REQUIRED WORK: Copy out the full listing exactly, omitting any picture it contains.

PROVIDED MATERIAL:
____
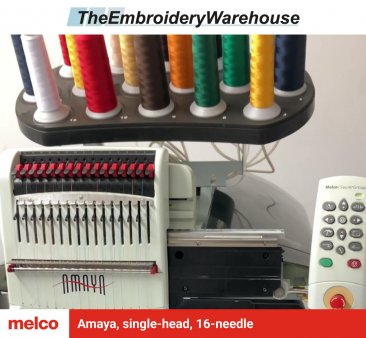 Melco Amaya, single-head, 16-needle, commercial embroidery machine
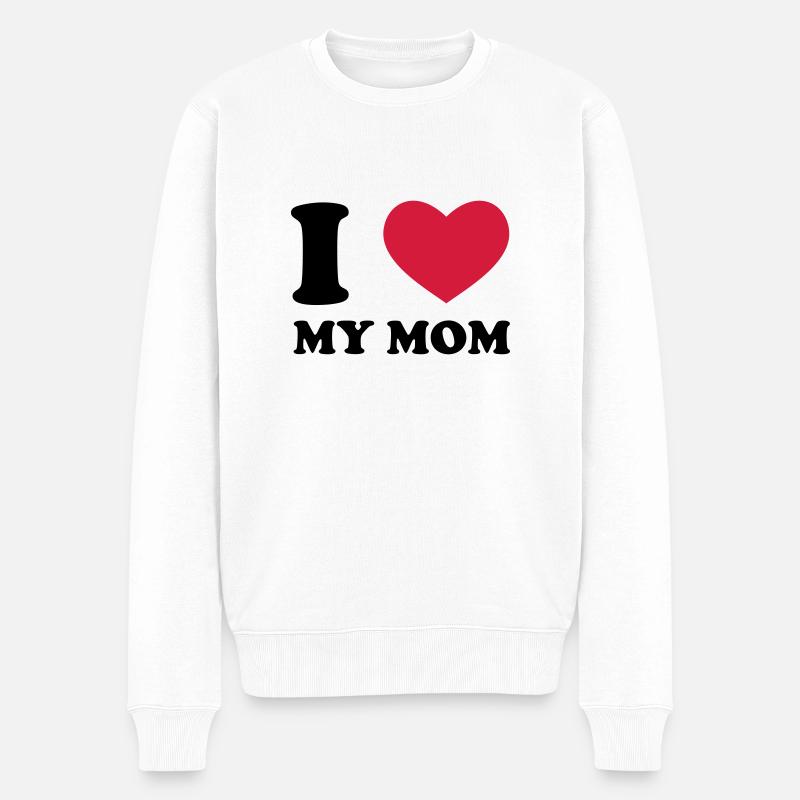 I Love My Mom - Männer Premium Bio Pullover - Weiß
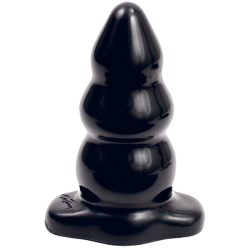 Triple ripple butt plug - large black main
____
PROBLEM SOLUTION:
 Melco Amaya, single-head, 16-needle, commercial embroidery machine
 I Love My Mom - Männer Premium Bio Pullover - Weiß
 Triple ripple butt plug - large black main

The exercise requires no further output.